##### Given material

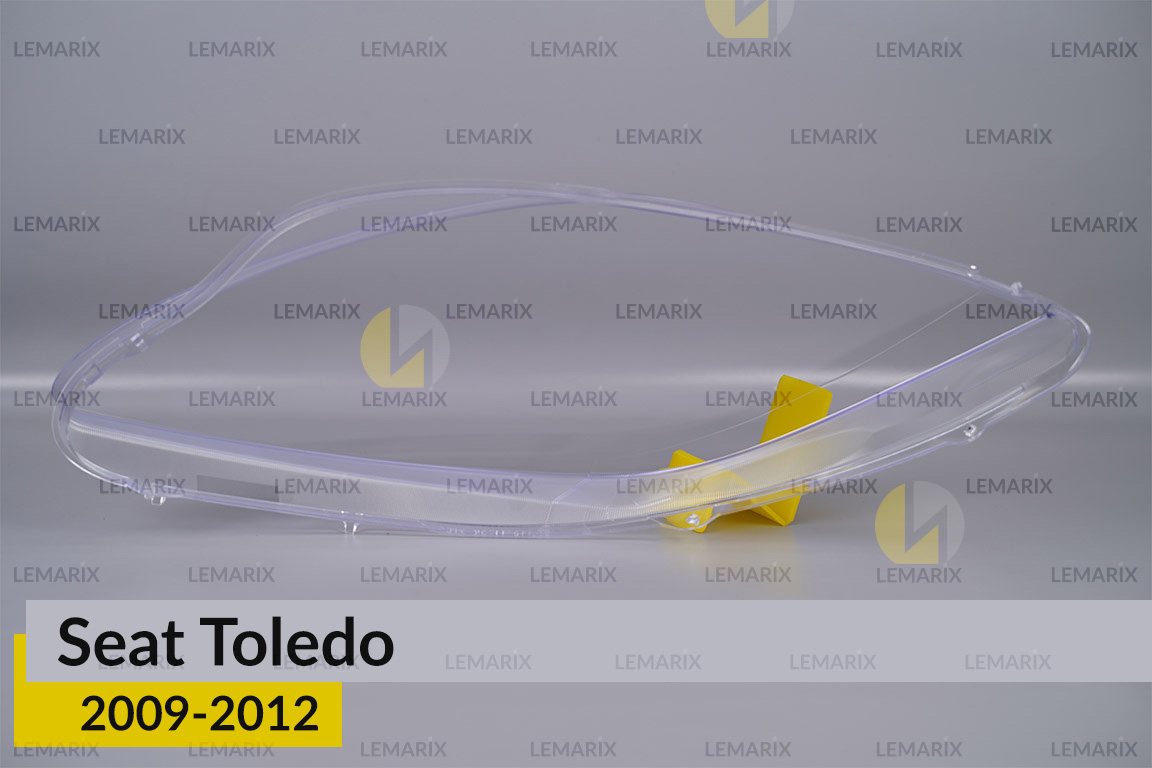Скло фари Seat Toledo (2009-2012) рест праве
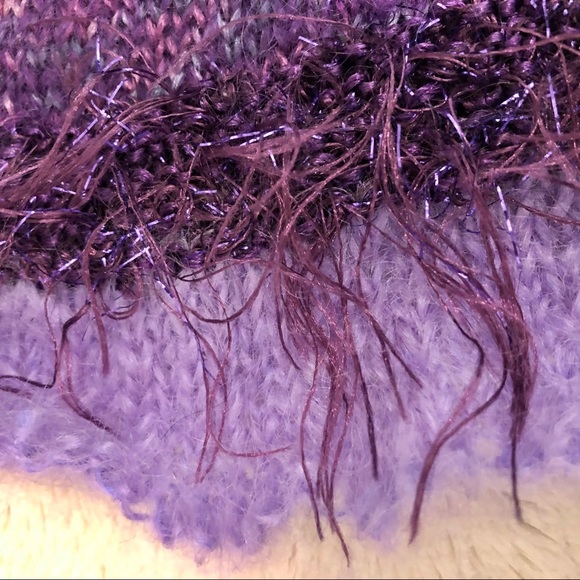 SALE! 💜 Bundle of designer yarn: lavender mohair & purple - Picture 9 of 9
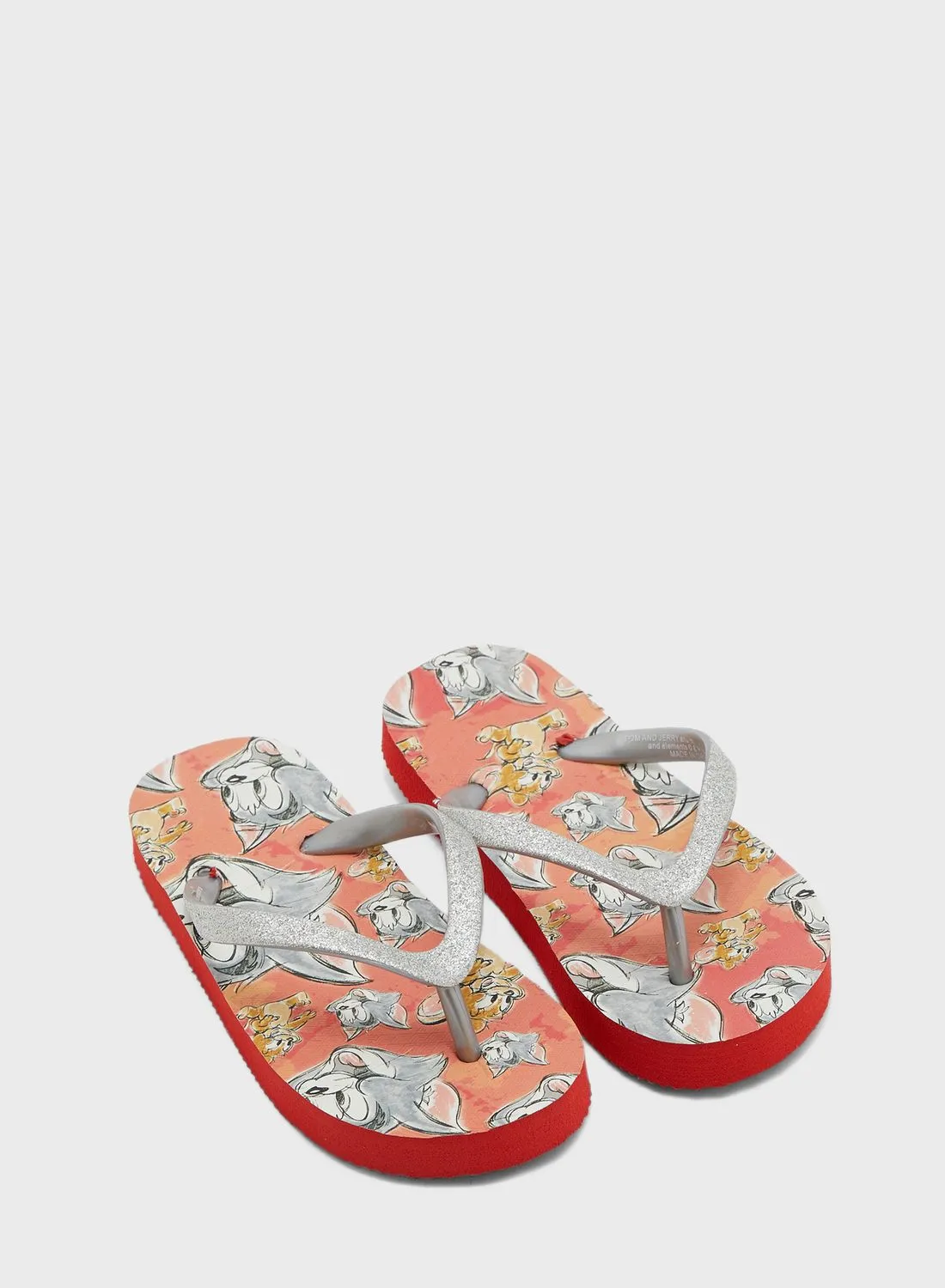 Warner Bros Kids Tom & Jerry Flip Flops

##########

What is needed:
Repeat each line of the material exactly, please, and skip every picture.

Result of the exercise:
Скло фари Seat Toledo (2009-2012) рест праве
 SALE! 💜 Bundle of designer yarn: lavender mohair & purple - Picture 9 of 9
 Warner Bros Kids Tom & Jerry Flip Flops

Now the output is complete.